▶ _PROBLEM DESCRIPTION_:
Give the entries below again, word for word, and leave out the images.

▶ _RECORDS PROVIDED_:

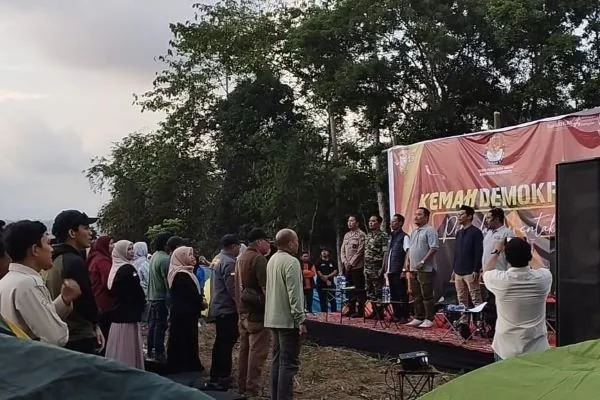 Komisioner KPU Jeneponto dari Divisi Sosdiklih dan SDM, Hasrullah Hafid bersama komisioner Bawaslu, Camat Rumbia, Danramil Kelara saat pembukaan acara Kemah demokrasi (Dok : Ullah KabarMakassar).
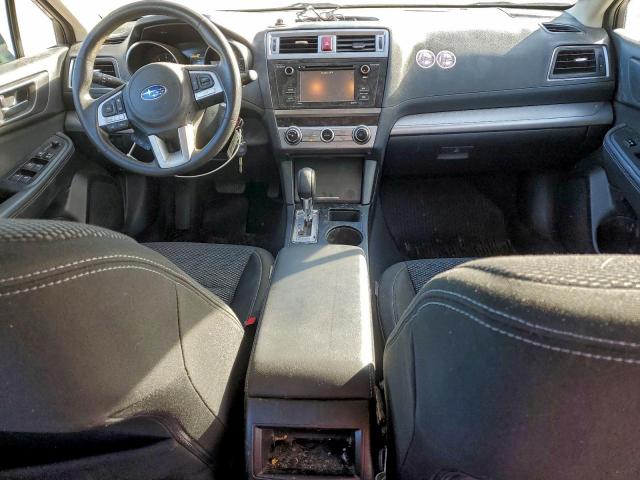 Subaru Outback 2.5i Image 5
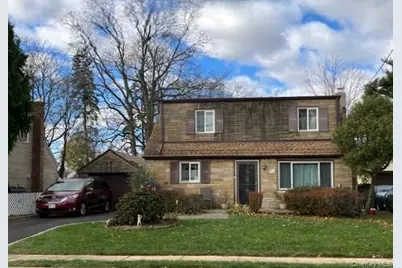 878 County Line Road, Amityville, NY 11701 - Photo 15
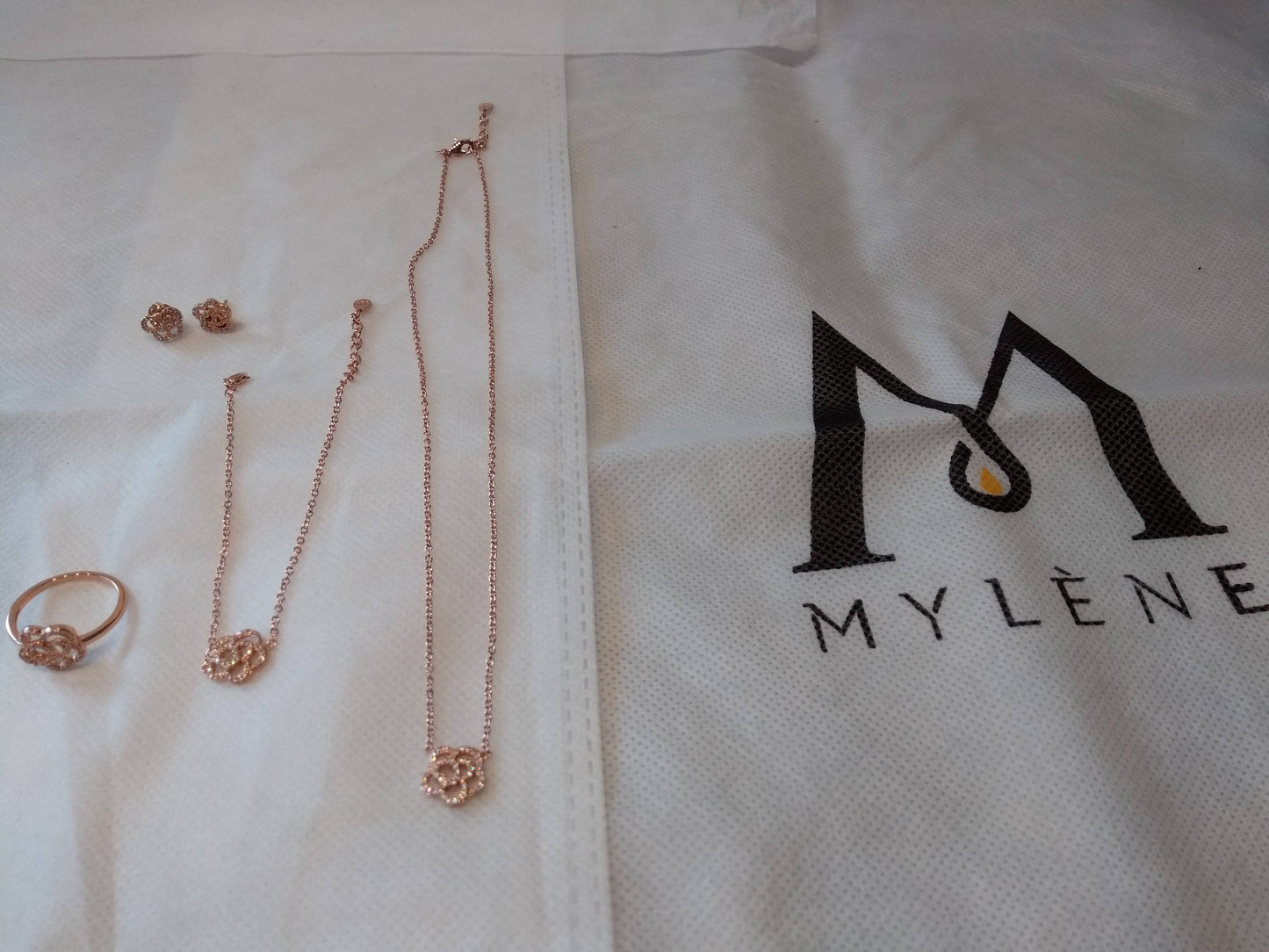 Mylene Blossom collectie sieraden rosegoud verguld met 18 karaat goud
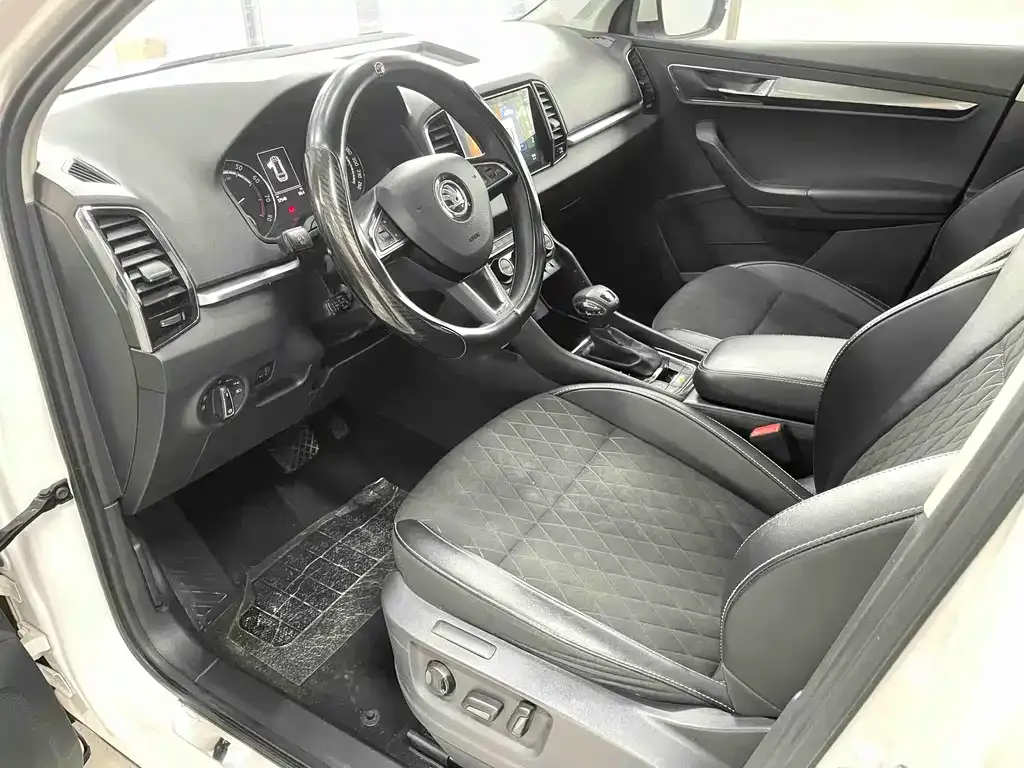 Skoda Karoq 2021 из CN, фото 6
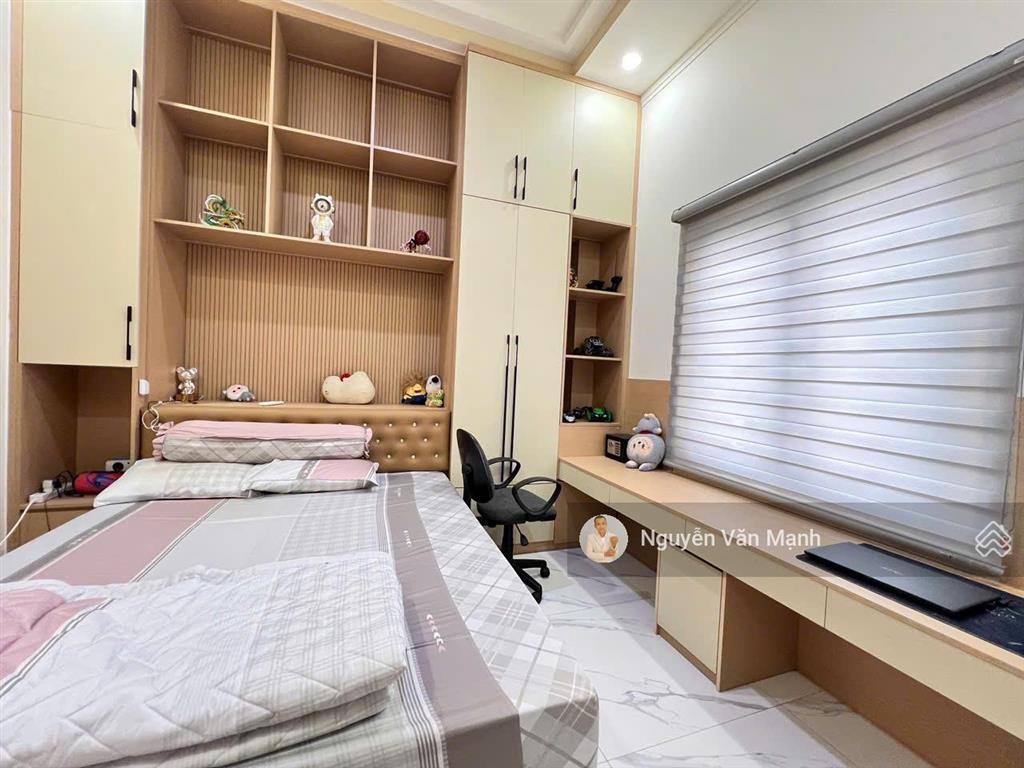 Cần bán nhà 2 lầu mua bán kinh doanh ở kdc b5 tân hiệp, biên hoà cách đường nguyễn ái quốc hơn 100m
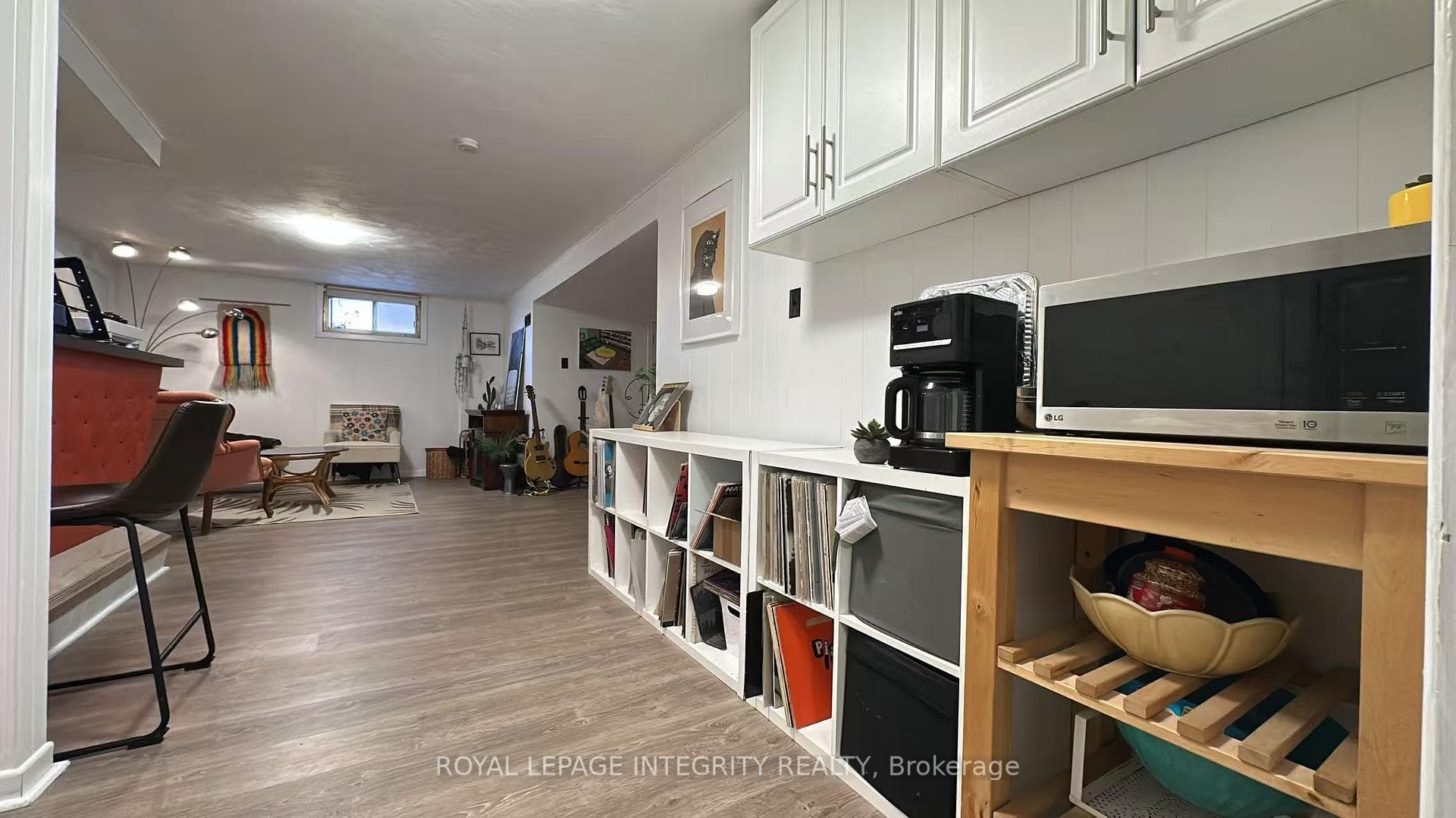 870 Claude Street photo 15
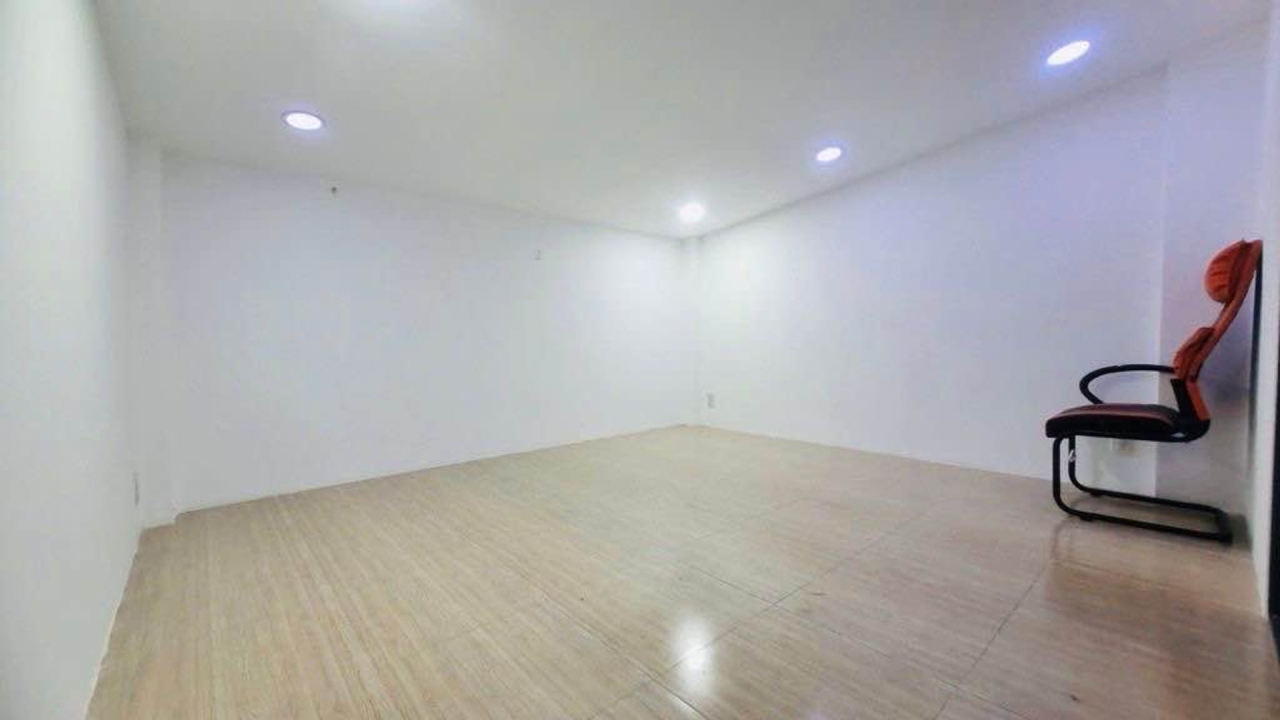 [KH024*] Nhà mới vào ở ngay gần chợ Thạch Đà, giá chỉ 5.x tỷ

▶ _RESULT BELOW_:
 Komisioner KPU Jeneponto dari Divisi Sosdiklih dan SDM, Hasrullah Hafid bersama komisioner Bawaslu, Camat Rumbia, Danramil Kelara saat pembukaan acara Kemah demokrasi (Dok : Ullah KabarMakassar).
 Subaru Outback 2.5i Image 5
 878 County Line Road, Amityville, NY 11701 - Photo 15
 Mylene Blossom collectie sieraden rosegoud verguld met 18 karaat goud
 Skoda Karoq 2021 из CN, фото 6
 Cần bán nhà 2 lầu mua bán kinh doanh ở kdc b5 tân hiệp, biên hoà cách đường nguyễn ái quốc hơn 100m
 870 Claude Street photo 15
 [KH024*] Nhà mới vào ở ngay gần chợ Thạch Đà, giá chỉ 5.x tỷ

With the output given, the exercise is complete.